Data retrieval from JSON file

In [19]:
import json
import torch

# Initialize empty lists for abstract and non-abstract texts
abstract_texts = []
non_abstract_texts = []

# Read the JSON file
with open("data.json", "r") as json_file:
    for line in json_file:
        # Parse each line as a JSON object
        data = json.loads(line)

        # Extract the category and text
        category = data.get("category")
        text = data.get("text")

        # Add the text to the corresponding list based on the category
        if category == "abstract":
            abstract_texts.append(text)
        elif category == "non-abstract":
            non_abstract_texts.append(text)


Data preperation

In [2]:
from transformers import BartTokenizer, BartForConditionalGeneration
from torch.utils.data import Dataset, DataLoader

# Step 1: Dataset Preparation
class MyDataset(Dataset):
    def __init__(self, source_texts, target_texts):
        self.source_texts = source_texts
        self.target_texts = target_texts
        self.tokenizer = BartTokenizer.from_pretrained('facebook/bart-large')

    def __len__(self):
        return len(self.source_texts)

    def __getitem__(self, index):
        source_text = self.source_texts[index]
        target_text = self.target_texts[index]

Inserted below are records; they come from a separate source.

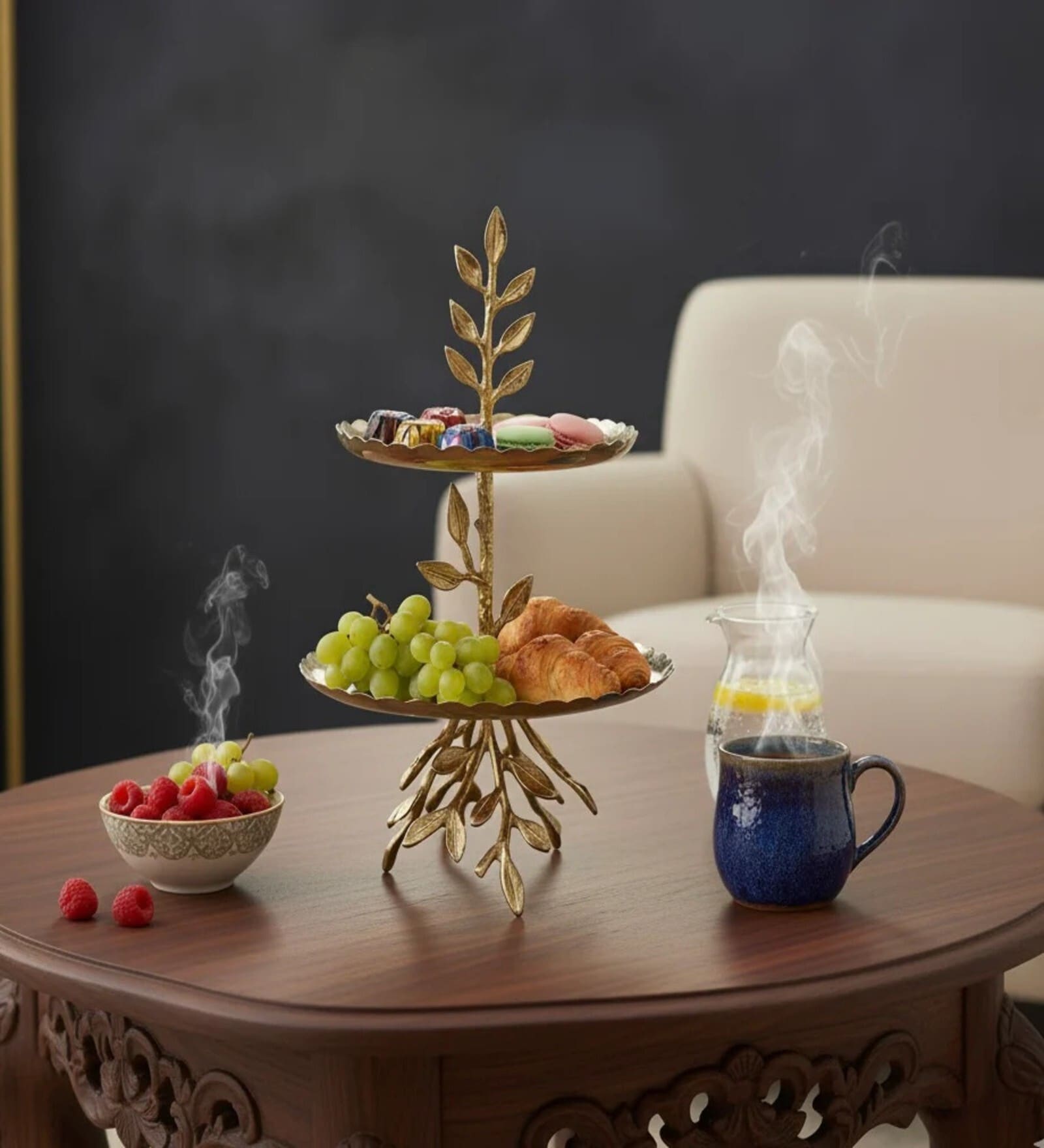 Leaf Two-Tier Serving Stand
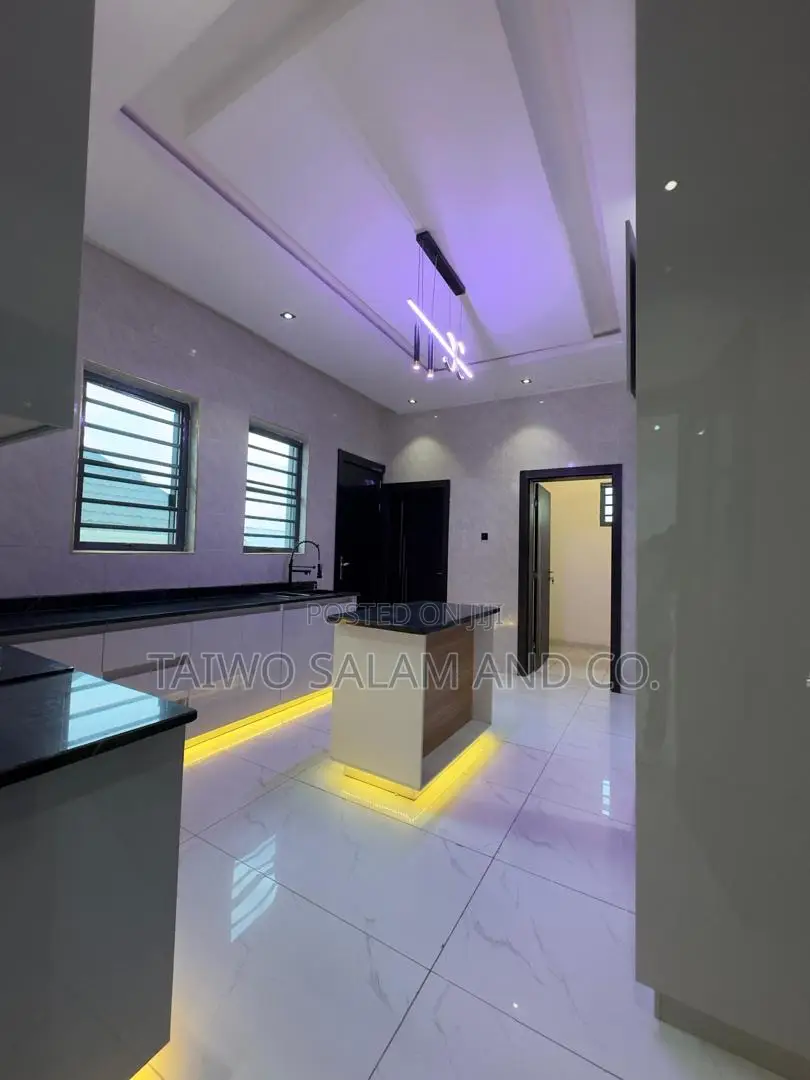 4bdrm Duplex in Akobo for sale in Akobo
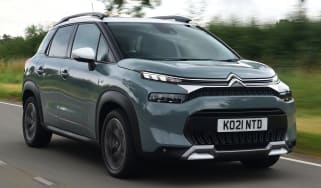 Citroen C3 Aircross - front tracking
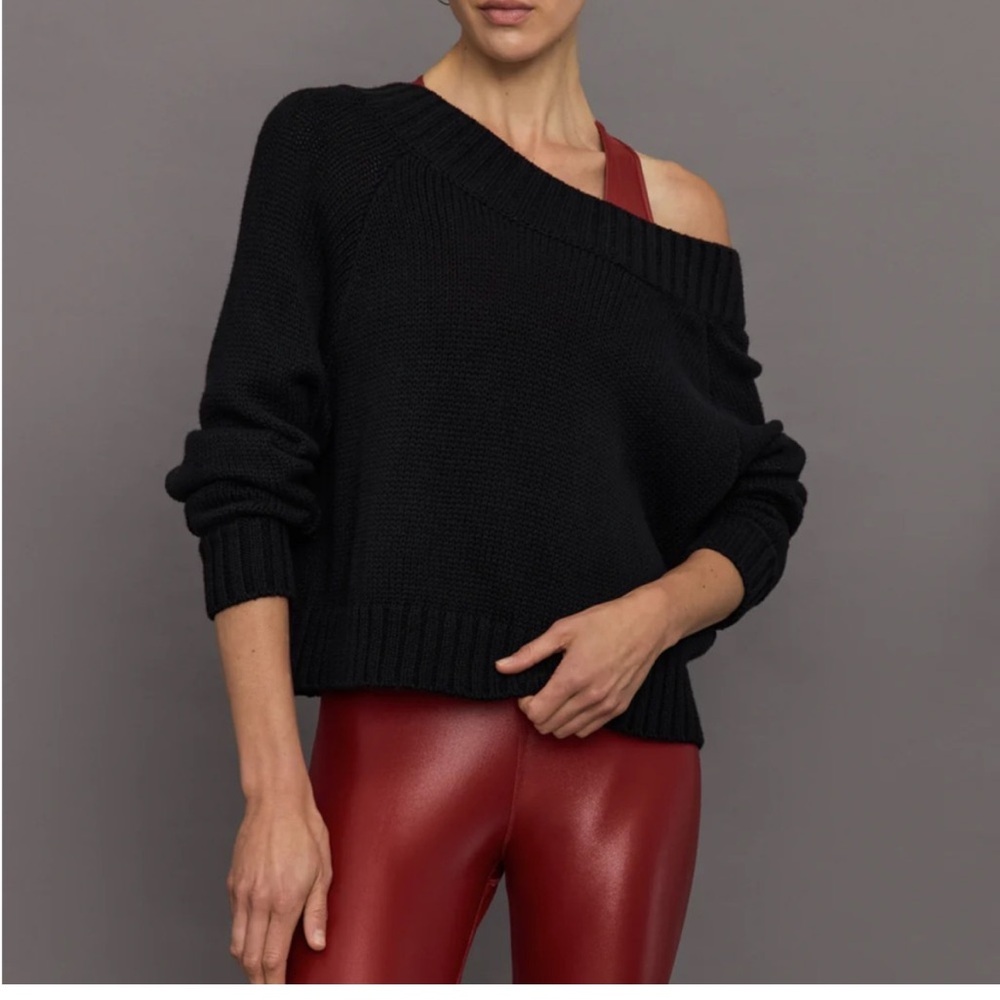 NWOT carbon 38 slouchy off shoulder sweater XS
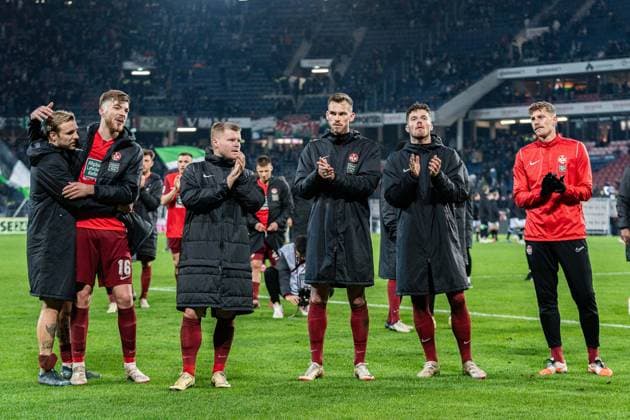 Kenny Prince Redondo 1 FC Kaiserslautern, 11 Filip Stojikovic 1 FC Kaiserslautern, 25 Julian Krahl 1 FC Kaiserslautern, 18 Hannover 96 vs 1 FC Kaiserslautern, Football, Bundesliga 2, Matchday 26, 16 03 2024 DFL REGULATIONS PROHIBIT ANY OUSE OF PHOTOGRAPHS AS IMAGE SEQUENCES AND OR QUASI VIDEO Hannover 96 vs 1 FC Kaiserslautern, Football, Bundesliga 2, Matchday 26, 16 03 2024 Hannover Copyright: xEibner-Pressefoto BahhoxKarax EP_HAN
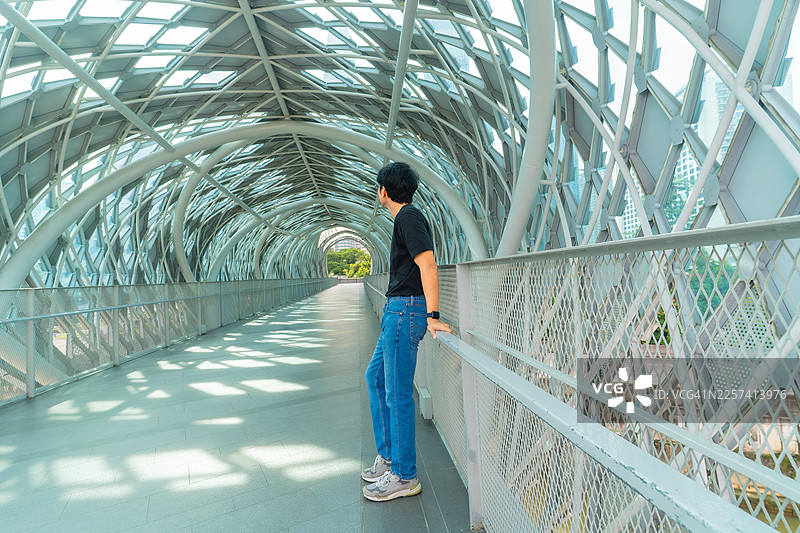 一名男子站在吉隆坡的萨洛玛桥上图片素材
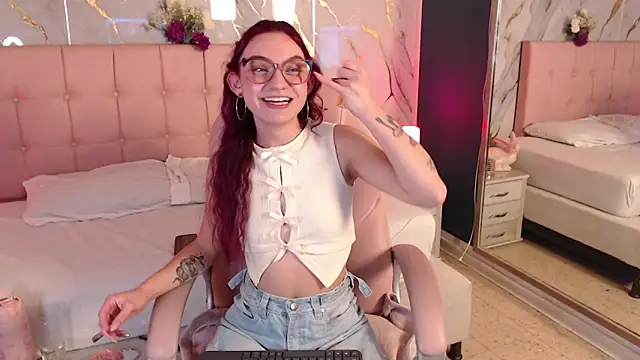 Red_kytty6 Chat XXX in diretta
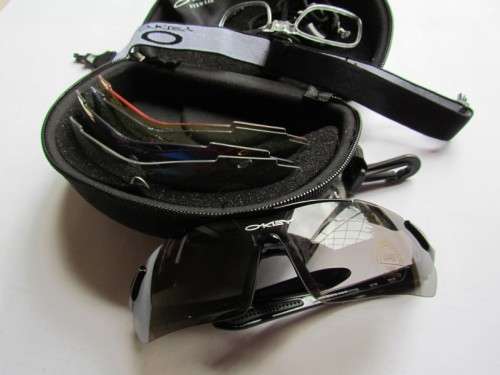 OAKLEY SPORTS SUNGLASSES + HARD CASE + 5 LENSES + SPORT STRAP **BARGAIN START**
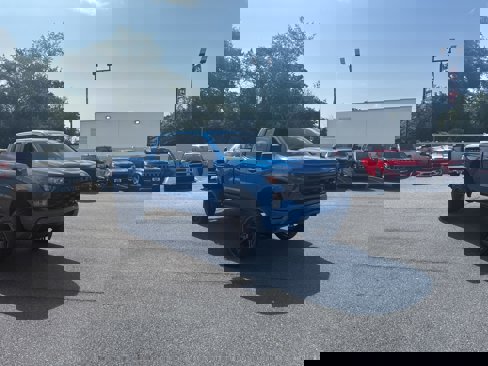 Used 2022 Chevrolet Silverado 1500 Custom image 4
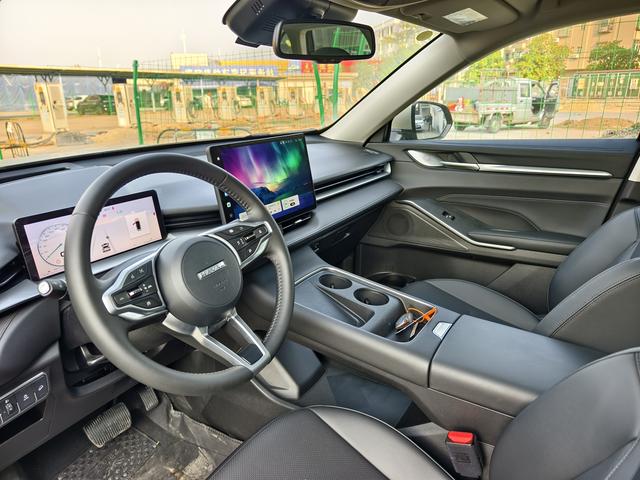 Certificated Used HAVAL H6 2024 Model 1.5T Automatic Two-Wheel Drive Ultra Edition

        source_inputs = self.tokenizer.encode_plus(source_text, return_tensors='pt', truncation=True, padding='max_length', max_length=512)
        target_inputs = self.tokenizer.encode_plus(target_text, return_tensors='pt', truncation=True, padding='max_length', max_length=128)

        return {
            'input_ids': source_inputs['input_ids'].squeeze(),
            'attention_mask': source_inputs['attention_mask'].squeeze(),
            'decoder_input_ids': target_inputs['input_ids'].squeeze(),
            'decoder_attention_mask': target_inputs['attention_mask'].squeeze()
        }


train_dataset = MyDataset(non_abstract_texts, abstract_texts)
train_dataloader = DataLoader(train_dataset, batch_size=4, shuffle=True)

Downloading:   0%|          | 0.00/792k [00:00<?, ?B/s]

To support symlinks on Windows, you either need to activate Developer Mode or to run Python as an administrator. In order to see activate developer mode, see this article: https://docs.microsoft.com/en-us/windows/apps/get-started/enable-your-device-for-development


Downloading:   0%|          | 0.00/1.39M [00:00<?, ?B/s]

Downloading:   0%|          | 0.00/1.21k [00:00<?, ?B/s]

For now, this behavior is kept to avoid breaking backwards compatibility when padding/encoding with `truncation is True`.
- Be aware that you SHOULD NOT rely on t5-base automatically truncating your input to 512 when padding/encoding.
- If you want to encode/pad to sequences longer than 512 you can either instantiate this tokenizer with `model_max_length` or pass `max_length` when encoding/padding.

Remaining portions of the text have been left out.